**WORK ITEM**
The response should be an exact copy of the records, with the pictures removed.
═════ RECORDS FOR THIS TASK
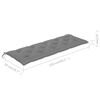 Product Thumbnail Image 12 of 12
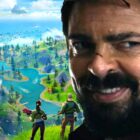 Zusammenarbeit zwischen Fortnite und The Boys: Es ist mit einer Wartezeit von mehreren Jahren zu rechnen Creo Gaming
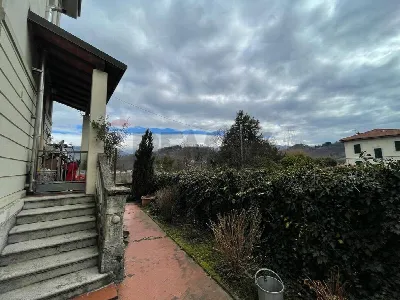 Villa in vendita a Castelnuovo di Garfagna... - foto 6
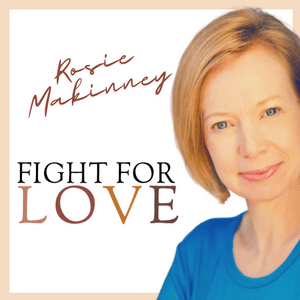 Fight For Love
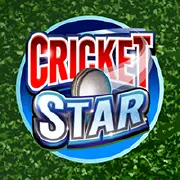 Cricket Star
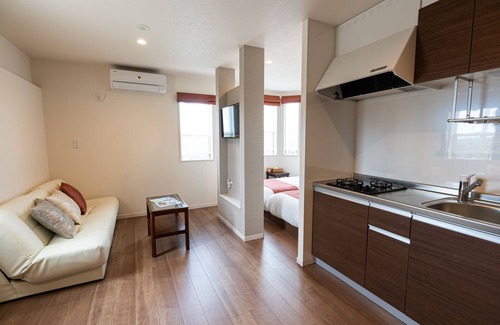 Miyakojima House | ecot Sunayama Beach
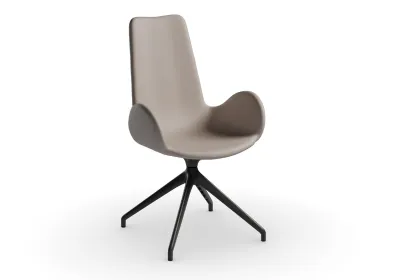 Produkt w kategorii: Fotele tapicerowane, nazwa produktu: Fotel DALIA PA X47 TS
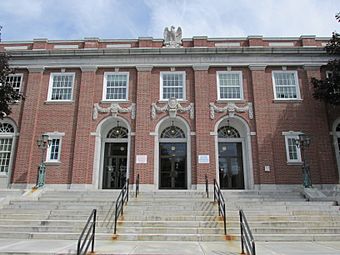 Post Office, Portland ME.jpg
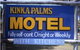 Kinka Palms Beachfront Apartments / Motel - thumb 0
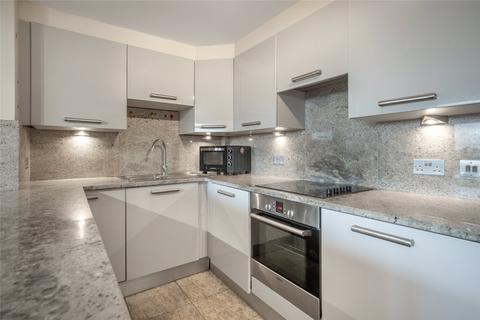 2 bedroom apartment to rent, Stuart Tower, 105 Maida Vale, London, W9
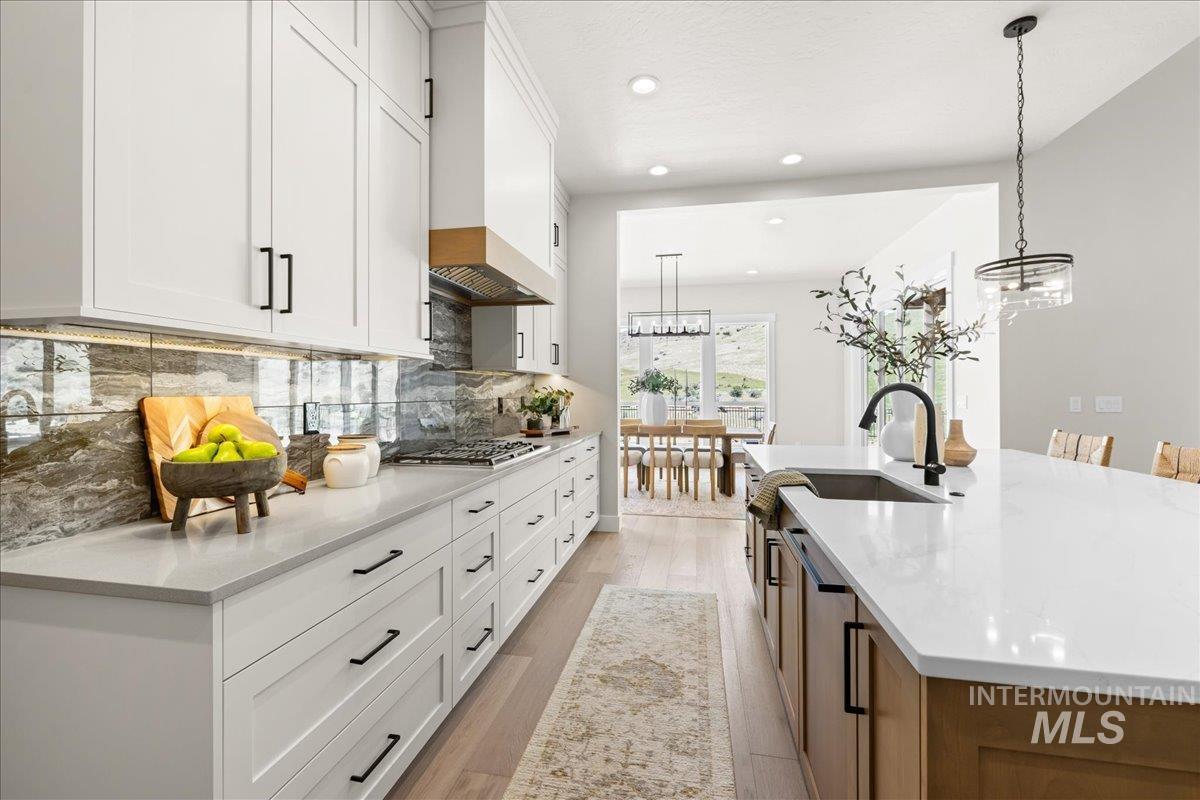 6201 East Reece Court, Unit 851 Eagle, ID 83714 - Photo 29 of 50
══════════
**COMPLETED EXERCISE**
 Product Thumbnail Image 12 of 12
 Zusammenarbeit zwischen Fortnite und The Boys: Es ist mit einer Wartezeit von mehreren Jahren zu rechnen Creo Gaming
 Villa in vendita a Castelnuovo di Garfagna... - foto 6
 Fight For Love
 Cricket Star
 Miyakojima House | ecot Sunayama Beach
 Produkt w kategorii: Fotele tapicerowane, nazwa produktu: Fotel DALIA PA X47 TS
 Post Office, Portland ME.jpg
 Kinka Palms Beachfront Apartments / Motel - thumb 0
 2 bedroom apartment to rent, Stuart Tower, 105 Maida Vale, London, W9
 6201 East Reece Court, Unit 851 Eagle, ID 83714 - Photo 29 of 50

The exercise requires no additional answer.